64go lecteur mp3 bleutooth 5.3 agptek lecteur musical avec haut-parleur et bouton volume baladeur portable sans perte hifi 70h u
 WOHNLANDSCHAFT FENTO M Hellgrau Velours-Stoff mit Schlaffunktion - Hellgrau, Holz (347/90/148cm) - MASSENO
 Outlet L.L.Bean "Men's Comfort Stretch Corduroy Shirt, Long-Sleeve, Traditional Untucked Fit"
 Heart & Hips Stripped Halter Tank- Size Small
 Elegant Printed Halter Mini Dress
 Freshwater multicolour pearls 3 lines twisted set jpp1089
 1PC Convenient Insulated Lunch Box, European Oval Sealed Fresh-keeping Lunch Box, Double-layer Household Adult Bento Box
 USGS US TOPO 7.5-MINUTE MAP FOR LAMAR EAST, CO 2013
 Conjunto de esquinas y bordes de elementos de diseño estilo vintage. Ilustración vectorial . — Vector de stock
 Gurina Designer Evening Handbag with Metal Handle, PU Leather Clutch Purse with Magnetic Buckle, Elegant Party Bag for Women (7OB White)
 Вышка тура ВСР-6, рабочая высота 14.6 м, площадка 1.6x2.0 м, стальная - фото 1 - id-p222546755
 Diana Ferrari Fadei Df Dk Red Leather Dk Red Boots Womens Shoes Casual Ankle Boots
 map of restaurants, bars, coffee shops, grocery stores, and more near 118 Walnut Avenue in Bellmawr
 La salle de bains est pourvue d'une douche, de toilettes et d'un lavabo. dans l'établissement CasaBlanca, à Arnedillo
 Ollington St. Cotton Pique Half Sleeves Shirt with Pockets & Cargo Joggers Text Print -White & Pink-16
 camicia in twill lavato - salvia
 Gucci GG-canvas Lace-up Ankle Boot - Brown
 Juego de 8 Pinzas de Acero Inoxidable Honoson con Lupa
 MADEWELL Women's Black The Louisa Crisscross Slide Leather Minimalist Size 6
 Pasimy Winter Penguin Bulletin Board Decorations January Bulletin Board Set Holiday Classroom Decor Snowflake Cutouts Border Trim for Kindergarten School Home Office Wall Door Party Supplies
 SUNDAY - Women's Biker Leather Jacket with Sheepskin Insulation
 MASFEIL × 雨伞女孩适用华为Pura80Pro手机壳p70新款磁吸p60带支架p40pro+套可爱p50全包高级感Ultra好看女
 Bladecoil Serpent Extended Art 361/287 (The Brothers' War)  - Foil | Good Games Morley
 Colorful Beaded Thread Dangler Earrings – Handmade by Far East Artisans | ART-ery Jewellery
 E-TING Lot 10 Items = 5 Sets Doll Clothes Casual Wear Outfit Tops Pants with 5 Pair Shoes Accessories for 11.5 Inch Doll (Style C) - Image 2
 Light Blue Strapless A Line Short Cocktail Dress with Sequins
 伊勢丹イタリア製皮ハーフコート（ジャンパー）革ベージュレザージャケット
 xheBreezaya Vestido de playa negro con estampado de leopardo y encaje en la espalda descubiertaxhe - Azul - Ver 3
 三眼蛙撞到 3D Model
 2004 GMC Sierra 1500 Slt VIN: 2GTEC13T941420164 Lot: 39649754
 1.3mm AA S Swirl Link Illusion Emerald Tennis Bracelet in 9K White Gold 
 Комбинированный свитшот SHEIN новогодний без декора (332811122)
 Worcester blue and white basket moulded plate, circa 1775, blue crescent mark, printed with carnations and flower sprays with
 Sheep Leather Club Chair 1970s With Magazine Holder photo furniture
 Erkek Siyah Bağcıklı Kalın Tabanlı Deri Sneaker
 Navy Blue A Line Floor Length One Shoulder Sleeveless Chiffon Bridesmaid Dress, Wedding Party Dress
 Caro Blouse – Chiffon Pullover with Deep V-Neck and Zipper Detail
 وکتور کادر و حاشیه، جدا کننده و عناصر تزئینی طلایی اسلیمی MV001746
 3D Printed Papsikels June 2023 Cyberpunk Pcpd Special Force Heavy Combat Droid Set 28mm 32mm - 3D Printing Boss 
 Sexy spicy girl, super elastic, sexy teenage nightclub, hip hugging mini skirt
——————
Quote all the records. Keep every word exact.

64go lecteur mp3 bleutooth 5.3 agptek lecteur musical avec haut-parleur et bouton volume baladeur portable sans perte hifi 70h u
 WOHNLANDSCHAFT FENTO M Hellgrau Velours-Stoff mit Schlaffunktion - Hellgrau, Holz (347/90/148cm) - MASSENO
 Outlet L.L.Bean "Men's Comfort Stretch Corduroy Shirt, Long-Sleeve, Traditional Untucked Fit"
 Heart & Hips Stripped Halter Tank- Size Small
 Elegant Printed Halter Mini Dress
 Freshwater multicolour pearls 3 lines twisted set jpp1089
 1PC Convenient Insulated Lunch Box, European Oval Sealed Fresh-keeping Lunch Box, Double-layer Household Adult Bento Box
 USGS US TOPO 7.5-MINUTE MAP FOR LAMAR EAST, CO 2013
 Conjunto de esquinas y bordes de elementos de diseño estilo vintage. Ilustración vectorial . — Vector de stock
 Gurina Designer Evening Handbag with Metal Handle, PU Leather Clutch Purse with Magnetic Buckle, Elegant Party Bag for Women (7OB White)
 Вышка тура ВСР-6, рабочая высота 14.6 м, площадка 1.6x2.0 м, стальная - фото 1 - id-p222546755
 Diana Ferrari Fadei Df Dk Red Leather Dk Red Boots Womens Shoes Casual Ankle Boots
 map of restaurants, bars, coffee shops, grocery stores, and more near 118 Walnut Avenue in Bellmawr
 La salle de bains est pourvue d'une douche, de toilettes et d'un lavabo. dans l'établissement CasaBlanca, à Arnedillo
 Ollington St. Cotton Pique Half Sleeves Shirt with Pockets & Cargo Joggers Text Print -White & Pink-16
 camicia in twill lavato - salvia
 Gucci GG-canvas Lace-up Ankle Boot - Brown
 Juego de 8 Pinzas de Acero Inoxidable Honoson con Lupa
 MADEWELL Women's Black The Louisa Crisscross Slide Leather Minimalist Size 6
 Pasimy Winter Penguin Bulletin Board Decorations January Bulletin Board Set Holiday Classroom Decor Snowflake Cutouts Border Trim for Kindergarten School Home Office Wall Door Party Supplies
 SUNDAY - Women's Biker Leather Jacket with Sheepskin Insulation
 MASFEIL × 雨伞女孩适用华为Pura80Pro手机壳p70新款磁吸p60带支架p40pro+套可爱p50全包高级感Ultra好看女
 Bladecoil Serpent Extended Art 361/287 (The Brothers' War)  - Foil | Good Games Morley
 Colorful Beaded Thread Dangler Earrings – Handmade by Far East Artisans | ART-ery Jewellery
 E-TING Lot 10 Items = 5 Sets Doll Clothes Casual Wear Outfit Tops Pants with 5 Pair Shoes Accessories for 11.5 Inch Doll (Style C) - Image 2
 Light Blue Strapless A Line Short Cocktail Dress with Sequins
 伊勢丹イタリア製皮ハーフコート（ジャンパー）革ベージュレザージャケット
 xheBreezaya Vestido de playa negro con estampado de leopardo y encaje en la espalda descubiertaxhe - Azul - Ver 3
 三眼蛙撞到 3D Model
 2004 GMC Sierra 1500 Slt VIN: 2GTEC13T941420164 Lot: 39649754
 1.3mm AA S Swirl Link Illusion Emerald Tennis Bracelet in 9K White Gold 
 Комбинированный свитшот SHEIN новогодний без декора (332811122)
 Worcester blue and white basket moulded plate, circa 1775, blue crescent mark, printed with carnations and flower sprays with
 Sheep Leather Club Chair 1970s With Magazine Holder photo furniture
 Erkek Siyah Bağcıklı Kalın Tabanlı Deri Sneaker
 Navy Blue A Line Floor Length One Shoulder Sleeveless Chiffon Bridesmaid Dress, Wedding Party Dress
 Caro Blouse – Chiffon Pullover with Deep V-Neck and Zipper Detail
 وکتور کادر و حاشیه، جدا کننده و عناصر تزئینی طلایی اسلیمی MV001746
 3D Printed Papsikels June 2023 Cyberpunk Pcpd Special Force Heavy Combat Droid Set 28mm 32mm - 3D Printing Boss 
 Sexy spicy girl, super elastic, sexy teenage nightclub, hip hugging mini skirt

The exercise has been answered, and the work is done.